The response is simulated using true values of 5 and 3 for the
identity effects \(\beta_{1}\) and
\(\beta_{2}\) for species \(Sp1\) and \(Sp2\), respectively, 12 for the interaction
effect \(\delta_{12}\) and 6 for the
high treatment effect \(\alpha_2\) (and
\(\alpha_1\) = 0 for the low treatment
effect).
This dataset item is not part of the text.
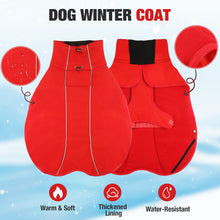 Load image into Gallery viewer, MASBRILL Dog Coat with Harness Built in, Waterproof & Reflective, Turtleneck Dog Jacket , Fleece Vest with Buckle - Coats for Large Dogs for Cold Weather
A random normal error term \(\epsilon\) is added to the response with
mean 0 and variance 1.
# Seed for reproducibility
set.seed(123)
# Simulate communities
two_data <- data.frame("Sp1" = rep(seq(0, 1, .1), 6),
"Sp2" = rep(seq(1,0, by = -.1), 6))
two_data$Sp1Sp2 <- two_data$Sp1 * two_data$Sp2
# Add Treatments (assume low fertiliser treatment is 0 and high is 1)
two_data$Treatment <- rep(c(0,1), each = 33)
# Set model coefficients
Sp1_id <- 5
Sp2_id <- 3
Sp1Sp2_int <- 12
Treat <- 6
coeffs <- matrix(c(Sp1_id, Sp2_id, Sp1Sp2_int, Treat), ncol = 1)
# Simulate response
two_data$Response <- as.matrix(two_data) %*% coeffs
# Add random normal error term
two_data$Response <- two_data$Response + rnorm(nrow(two_data), 0, 1)
# Recode treatment as high and low
two_data$Treatment <- factor(ifelse(two_data$Treatment == 0, "low", "high"), levels = c("high", "low"))
# Add unique ID for each community
two_data$Community <- rep(seq(1, 11), times = 6)
# Reorder columns
two_data <- two_data[, c("Community", "Sp1", "Sp2", "Sp1Sp2",
"Treatment", "Response")]
head(two_data, 6)
## Community Sp1 Sp2 Sp1Sp2 Treatment Response
## 1 1 0.0 1.0 0.00 low 2.439524
## 2 2 0.1 0.9 0.09 low 4.049823
## 3 3 0.2 0.8 0.16 low 6.878708
## 4 4 0.3 0.7 0.21 low 6.190508
## 5 5 0.4 0.6 0.24 low 6.809288
## 6 6 0.5 0.5 0.25 low 8.715065
The data columns are as follows:
Community: A unique identifier for each community in
the design.
Sp1: A numeric vector indicating the
initial proportion of species 1.
Sp2: A numeric
vector indicating the initial proportion of species 2.
Sp1Sp2: A numeric vector indicating the product of the
proportions of species 1 and 2.
Treatment: A factor
with levels “low” and “high” identifying the two fertilisation
treatments.
Response: A numeric vector indicating
the value of the measured ecosystem function.